Summery Sounds From Guitarist Yuval Amihai and Pianist David Kikoski

by delarue

Go to pianist David Kikoski’s discography page, and as you would expect there are plenty of albums where he’s the bandleader. Scroll down to his sideman projects and you’ll find that the very first album listed is the Mingus Big Band’s sizzling Live at the Jazz Standard album from 2010. Big surprise: Kikoski is a big reason why that album is one of the most exhilarating of the past dozen years. He’s lyrical, he has an edge and he gets a ton of gigs, which is why he doesn’t often get a chance to lead his own projects here. He’s doing that this June 11 with a trio at 10:30 PM at Mezzrow. Cover is $25 cash at the door; he’s back in that intimate space on June 25.

Kikoski is also very versatile. One new album that gives him a chance to go in a direction he hasn’t gone in much lately is Israeli guitarist Yuval Amihai‘s My 90s Summer, streaming at Soundcloud. Kikoski plays Rhodes electric piano on this one, which in general is closer to soul and downtempo music than it is jazz.

Amihai opens with the title track, a swaying, summery soul theme with a balmy horn chart: Julieta Eugenio on tenor sax, Wayne Tucker and Itai Kriss on flute giving way to carefree solos by Amihai and Kikorski and a big cheery crescendo. It sets the stage for much of the rest of the record.

The band prowl like a lynx, sleek on its feet but lethal in MEDB (Middle Eastern Desert Blues), with deliciously simmering harmonies from the bandleader and Kikoski’s Rhodes.

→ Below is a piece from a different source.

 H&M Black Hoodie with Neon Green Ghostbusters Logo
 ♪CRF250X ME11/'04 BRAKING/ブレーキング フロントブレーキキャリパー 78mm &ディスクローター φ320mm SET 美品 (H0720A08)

It doesn’t sound the least bit Malian and it doesn’t sound particularly Middle Eastern either. as Kikoski winds his way through a twinkling, nocturnal solo.

Gwen’s Groove is a vampy trip-hop launching pad for bright, matter-of-fact solos from guitar and Rhodes. The band reach for a balmy, summery lullaby soul sound in Song For Sasha. They follow that with the aptly titled Smiles, Kikoski switching to acoustic piano for a typically glistening, rather impetuous interlude over the tiptoeing syncopation of bassist Eric Wheeler and drummer Jeremy Dutton. It’s the best and most traditional jazz number on the record.

Amihai revisits the furtive nocturnal slink of the album’s second number, if less ominously, in Yitgaber. The album’s big epic is Coming Through, which sounds like a late 70s/early 80s Steely Dan song without words, Kikoski back on piano for an emphatically strolling, blues-infused solo. Amihai gives the record a warmly swaying coda with Saturday Afternoon.

Most of this is not heavy music, but Amihai really knows how to create a mood and keep it going. Clearly, the 90s were a happy time for him. How little those of us who were there knew how much we would eventually miss those days.